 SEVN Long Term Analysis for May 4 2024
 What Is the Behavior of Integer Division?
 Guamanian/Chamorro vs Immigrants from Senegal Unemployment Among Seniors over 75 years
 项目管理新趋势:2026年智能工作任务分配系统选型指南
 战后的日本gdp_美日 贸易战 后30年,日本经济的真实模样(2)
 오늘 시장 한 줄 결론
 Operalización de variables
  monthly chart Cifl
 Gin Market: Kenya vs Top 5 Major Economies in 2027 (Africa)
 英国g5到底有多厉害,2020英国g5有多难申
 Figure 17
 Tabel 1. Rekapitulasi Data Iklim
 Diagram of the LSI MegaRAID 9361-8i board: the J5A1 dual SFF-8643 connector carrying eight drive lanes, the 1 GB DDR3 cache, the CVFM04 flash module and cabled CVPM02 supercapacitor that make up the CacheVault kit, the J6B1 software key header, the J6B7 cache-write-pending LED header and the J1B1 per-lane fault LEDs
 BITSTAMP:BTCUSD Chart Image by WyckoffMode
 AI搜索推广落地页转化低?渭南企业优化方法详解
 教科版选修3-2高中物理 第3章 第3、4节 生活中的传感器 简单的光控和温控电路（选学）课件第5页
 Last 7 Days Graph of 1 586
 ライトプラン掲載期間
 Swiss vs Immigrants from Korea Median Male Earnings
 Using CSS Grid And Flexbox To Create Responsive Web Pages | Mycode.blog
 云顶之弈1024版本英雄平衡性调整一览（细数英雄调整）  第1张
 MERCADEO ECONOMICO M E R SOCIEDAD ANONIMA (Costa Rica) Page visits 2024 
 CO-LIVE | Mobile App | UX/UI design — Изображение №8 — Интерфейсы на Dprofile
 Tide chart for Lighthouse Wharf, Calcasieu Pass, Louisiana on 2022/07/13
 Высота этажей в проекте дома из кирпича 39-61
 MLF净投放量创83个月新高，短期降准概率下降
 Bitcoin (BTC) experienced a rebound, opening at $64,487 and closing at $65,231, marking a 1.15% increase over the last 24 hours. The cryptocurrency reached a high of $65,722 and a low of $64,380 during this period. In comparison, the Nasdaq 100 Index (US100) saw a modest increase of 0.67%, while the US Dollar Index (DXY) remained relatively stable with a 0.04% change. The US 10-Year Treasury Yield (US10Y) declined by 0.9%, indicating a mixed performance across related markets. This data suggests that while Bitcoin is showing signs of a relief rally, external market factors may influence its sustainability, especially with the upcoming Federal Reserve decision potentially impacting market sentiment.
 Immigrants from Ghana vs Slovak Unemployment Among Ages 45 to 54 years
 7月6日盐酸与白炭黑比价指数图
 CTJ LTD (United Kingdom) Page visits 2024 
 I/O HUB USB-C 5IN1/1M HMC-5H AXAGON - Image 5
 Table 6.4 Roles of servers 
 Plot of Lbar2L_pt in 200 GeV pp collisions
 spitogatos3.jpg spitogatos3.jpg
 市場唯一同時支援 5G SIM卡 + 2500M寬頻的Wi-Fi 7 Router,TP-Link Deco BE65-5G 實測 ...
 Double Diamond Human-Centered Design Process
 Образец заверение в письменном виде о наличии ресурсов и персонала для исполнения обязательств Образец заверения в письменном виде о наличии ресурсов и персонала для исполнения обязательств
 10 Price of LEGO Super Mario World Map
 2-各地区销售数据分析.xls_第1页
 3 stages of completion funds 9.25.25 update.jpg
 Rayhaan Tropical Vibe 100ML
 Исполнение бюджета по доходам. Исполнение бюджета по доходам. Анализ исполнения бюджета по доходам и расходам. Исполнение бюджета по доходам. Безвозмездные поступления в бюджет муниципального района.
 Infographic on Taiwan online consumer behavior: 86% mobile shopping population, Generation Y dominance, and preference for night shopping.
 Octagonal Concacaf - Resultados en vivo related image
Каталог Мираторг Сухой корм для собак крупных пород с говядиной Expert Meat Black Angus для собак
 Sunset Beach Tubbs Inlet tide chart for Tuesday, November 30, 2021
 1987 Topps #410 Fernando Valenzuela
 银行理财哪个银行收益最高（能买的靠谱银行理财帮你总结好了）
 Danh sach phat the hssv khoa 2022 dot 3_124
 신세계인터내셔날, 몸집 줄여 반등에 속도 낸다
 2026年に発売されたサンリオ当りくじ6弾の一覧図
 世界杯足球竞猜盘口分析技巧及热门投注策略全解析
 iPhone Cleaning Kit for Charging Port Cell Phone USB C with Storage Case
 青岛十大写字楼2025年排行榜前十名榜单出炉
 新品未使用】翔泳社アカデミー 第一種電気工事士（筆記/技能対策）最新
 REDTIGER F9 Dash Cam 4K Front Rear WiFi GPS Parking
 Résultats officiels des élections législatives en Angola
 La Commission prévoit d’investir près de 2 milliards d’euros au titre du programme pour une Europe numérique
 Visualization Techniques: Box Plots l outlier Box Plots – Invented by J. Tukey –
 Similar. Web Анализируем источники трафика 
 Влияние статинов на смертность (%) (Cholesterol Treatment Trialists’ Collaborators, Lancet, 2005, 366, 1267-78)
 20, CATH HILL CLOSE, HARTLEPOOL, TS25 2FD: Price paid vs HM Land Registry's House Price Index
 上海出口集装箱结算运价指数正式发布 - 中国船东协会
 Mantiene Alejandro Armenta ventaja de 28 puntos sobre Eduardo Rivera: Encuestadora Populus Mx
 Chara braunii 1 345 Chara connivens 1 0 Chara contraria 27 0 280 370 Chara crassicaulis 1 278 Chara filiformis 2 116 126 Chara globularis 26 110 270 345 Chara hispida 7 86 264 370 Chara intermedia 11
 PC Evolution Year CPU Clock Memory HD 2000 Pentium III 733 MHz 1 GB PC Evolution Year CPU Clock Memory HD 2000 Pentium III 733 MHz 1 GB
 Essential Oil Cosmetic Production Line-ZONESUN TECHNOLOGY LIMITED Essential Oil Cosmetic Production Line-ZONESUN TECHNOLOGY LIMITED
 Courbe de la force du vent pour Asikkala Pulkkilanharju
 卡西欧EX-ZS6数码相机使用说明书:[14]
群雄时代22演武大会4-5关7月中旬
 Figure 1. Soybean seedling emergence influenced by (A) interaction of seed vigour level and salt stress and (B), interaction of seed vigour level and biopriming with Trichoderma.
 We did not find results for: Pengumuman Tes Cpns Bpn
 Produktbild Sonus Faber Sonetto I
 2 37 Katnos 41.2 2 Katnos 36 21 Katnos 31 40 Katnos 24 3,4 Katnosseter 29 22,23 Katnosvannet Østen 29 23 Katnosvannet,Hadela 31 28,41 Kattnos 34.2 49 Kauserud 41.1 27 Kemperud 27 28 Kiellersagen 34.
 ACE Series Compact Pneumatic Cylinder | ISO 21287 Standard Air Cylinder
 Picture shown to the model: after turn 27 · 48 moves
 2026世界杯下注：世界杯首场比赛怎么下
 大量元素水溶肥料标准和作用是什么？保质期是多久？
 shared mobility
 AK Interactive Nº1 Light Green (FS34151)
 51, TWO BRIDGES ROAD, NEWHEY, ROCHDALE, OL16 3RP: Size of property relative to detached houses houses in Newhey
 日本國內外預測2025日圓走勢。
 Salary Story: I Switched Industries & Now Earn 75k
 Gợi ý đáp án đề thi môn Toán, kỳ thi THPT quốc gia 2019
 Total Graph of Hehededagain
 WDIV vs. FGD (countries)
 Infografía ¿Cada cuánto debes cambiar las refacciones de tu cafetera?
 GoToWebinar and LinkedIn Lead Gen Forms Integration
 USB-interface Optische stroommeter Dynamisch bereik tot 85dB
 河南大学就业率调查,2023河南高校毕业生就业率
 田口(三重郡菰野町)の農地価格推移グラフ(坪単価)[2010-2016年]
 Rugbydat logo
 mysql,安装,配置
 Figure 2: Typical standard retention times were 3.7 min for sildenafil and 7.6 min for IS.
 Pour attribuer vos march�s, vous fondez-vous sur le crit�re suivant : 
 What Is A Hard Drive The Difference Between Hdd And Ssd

◆ ◆ ◆

§ **Prompt**
Write out, unaltered, the lines from the opening of the listing through the line that includes "CTJ LTD (United Kingdom) Page visits 2024".

§ **Response area**
 SEVN Long Term Analysis for May 4 2024
 What Is the Behavior of Integer Division?
 Guamanian/Chamorro vs Immigrants from Senegal Unemployment Among Seniors over 75 years
 项目管理新趋势:2026年智能工作任务分配系统选型指南
 战后的日本gdp_美日 贸易战 后30年,日本经济的真实模样(2)
 오늘 시장 한 줄 결론
 Operalización de variables
  monthly chart Cifl
 Gin Market: Kenya vs Top 5 Major Economies in 2027 (Africa)
 英国g5到底有多厉害,2020英国g5有多难申
 Figure 17
 Tabel 1. Rekapitulasi Data Iklim
 Diagram of the LSI MegaRAID 9361-8i board: the J5A1 dual SFF-8643 connector carrying eight drive lanes, the 1 GB DDR3 cache, the CVFM04 flash module and cabled CVPM02 supercapacitor that make up the CacheVault kit, the J6B1 software key header, the J6B7 cache-write-pending LED header and the J1B1 per-lane fault LEDs
 BITSTAMP:BTCUSD Chart Image by WyckoffMode
 AI搜索推广落地页转化低?渭南企业优化方法详解
 教科版选修3-2高中物理 第3章 第3、4节 生活中的传感器 简单的光控和温控电路（选学）课件第5页
 Last 7 Days Graph of 1 586
 ライトプラン掲載期間
 Swiss vs Immigrants from Korea Median Male Earnings
 Using CSS Grid And Flexbox To Create Responsive Web Pages | Mycode.blog
 云顶之弈1024版本英雄平衡性调整一览（细数英雄调整）  第1张
 MERCADEO ECONOMICO M E R SOCIEDAD ANONIMA (Costa Rica) Page visits 2024 
 CO-LIVE | Mobile App | UX/UI design — Изображение №8 — Интерфейсы на Dprofile
 Tide chart for Lighthouse Wharf, Calcasieu Pass, Louisiana on 2022/07/13
 Высота этажей в проекте дома из кирпича 39-61
 MLF净投放量创83个月新高，短期降准概率下降
 Bitcoin (BTC) experienced a rebound, opening at $64,487 and closing at $65,231, marking a 1.15% increase over the last 24 hours. The cryptocurrency reached a high of $65,722 and a low of $64,380 during this period. In comparison, the Nasdaq 100 Index (US100) saw a modest increase of 0.67%, while the US Dollar Index (DXY) remained relatively stable with a 0.04% change. The US 10-Year Treasury Yield (US10Y) declined by 0.9%, indicating a mixed performance across related markets. This data suggests that while Bitcoin is showing signs of a relief rally, external market factors may influence its sustainability, especially with the upcoming Federal Reserve decision potentially impacting market sentiment.
 Immigrants from Ghana vs Slovak Unemployment Among Ages 45 to 54 years
 7月6日盐酸与白炭黑比价指数图
 CTJ LTD (United Kingdom) Page visits 2024 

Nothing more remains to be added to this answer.